## SUPPLIED DATA
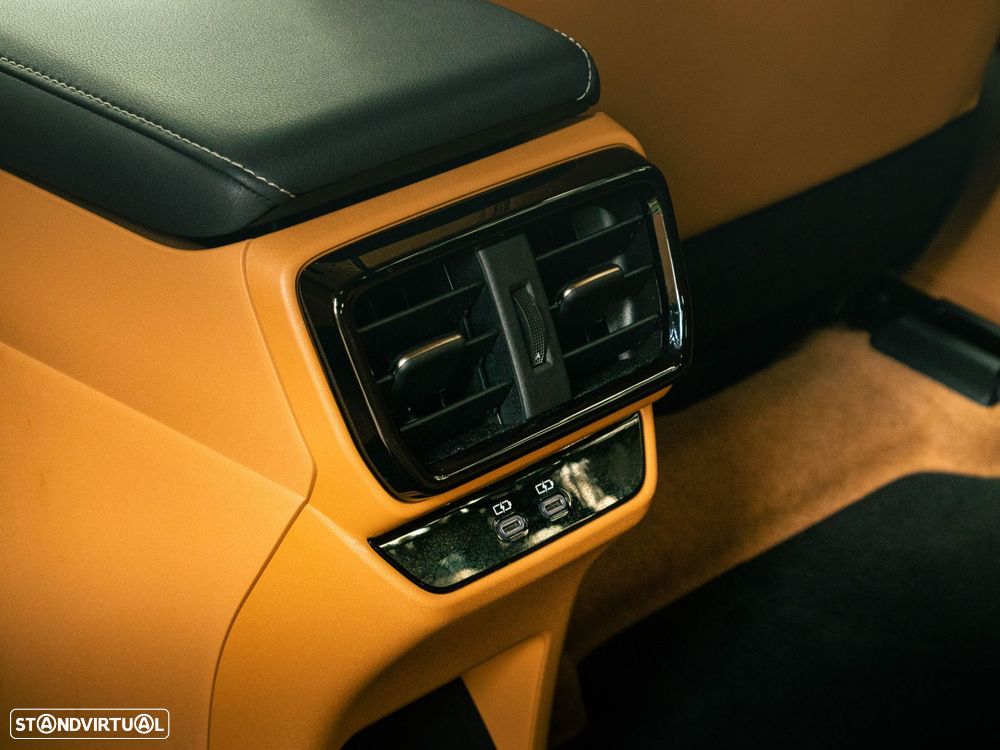 Lexus RZ 300e Premium - 37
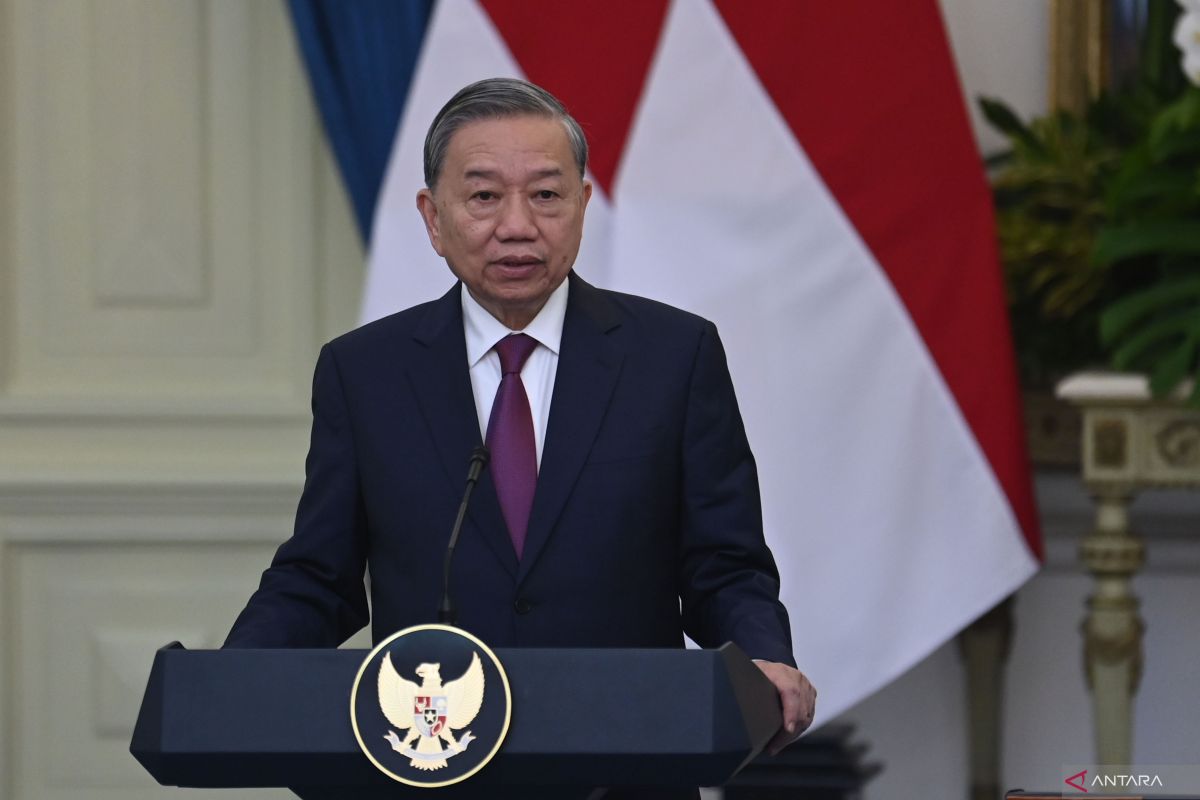 Perbedaan komunisme juga sosialisme, dan juga juga negara penganutnya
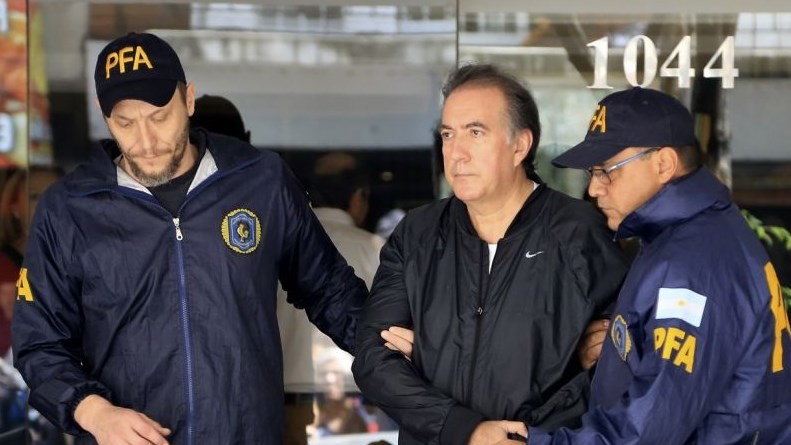 Thomas negó los cargos: "No entregué dinero, bolsos, bolsitas, paquetes o cajas" | Política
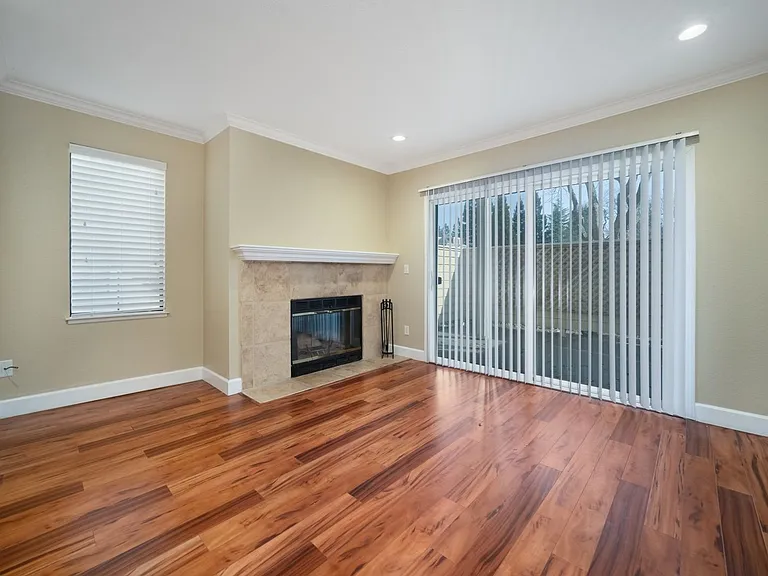 330 Eastridge Dr — Photo 10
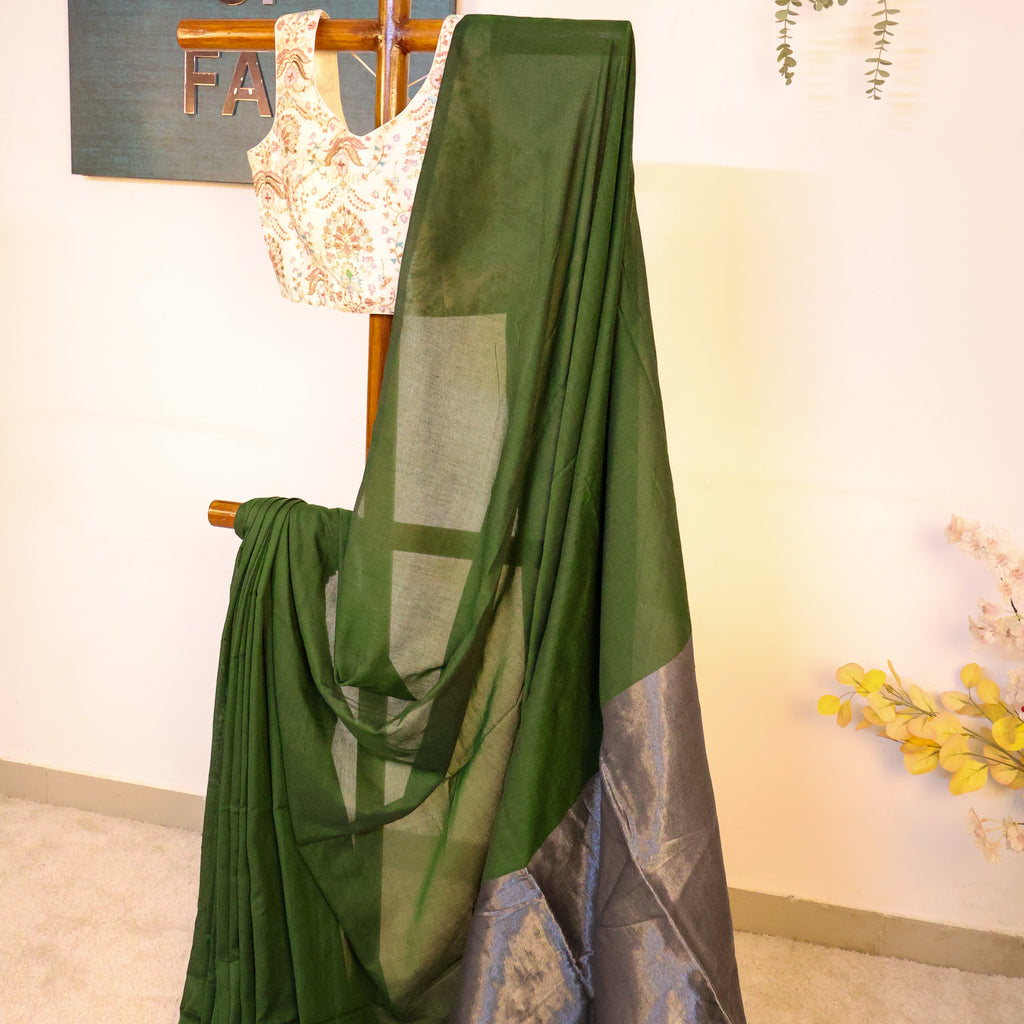 Gargi - Khadi with Zari Pallu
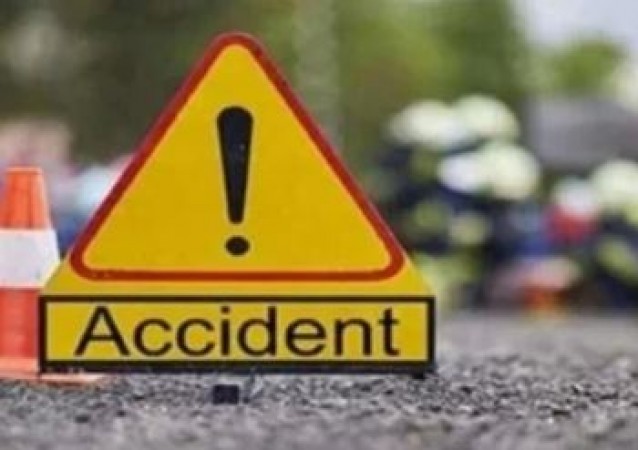 3 lost their lives as car and truck collided in Chattarpur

## INSTRUCTIONS FOR THE TASK
Take only the line containing "330 Eastridge Dr — Photo 10" and every line after it to the end of the entries, and copy them exactly, pictures excluded.

## SOLUTION TO THIS TASK
 330 Eastridge Dr — Photo 10
 Gargi - Khadi with Zari Pallu
 3 lost their lives as car and truck collided in Chattarpur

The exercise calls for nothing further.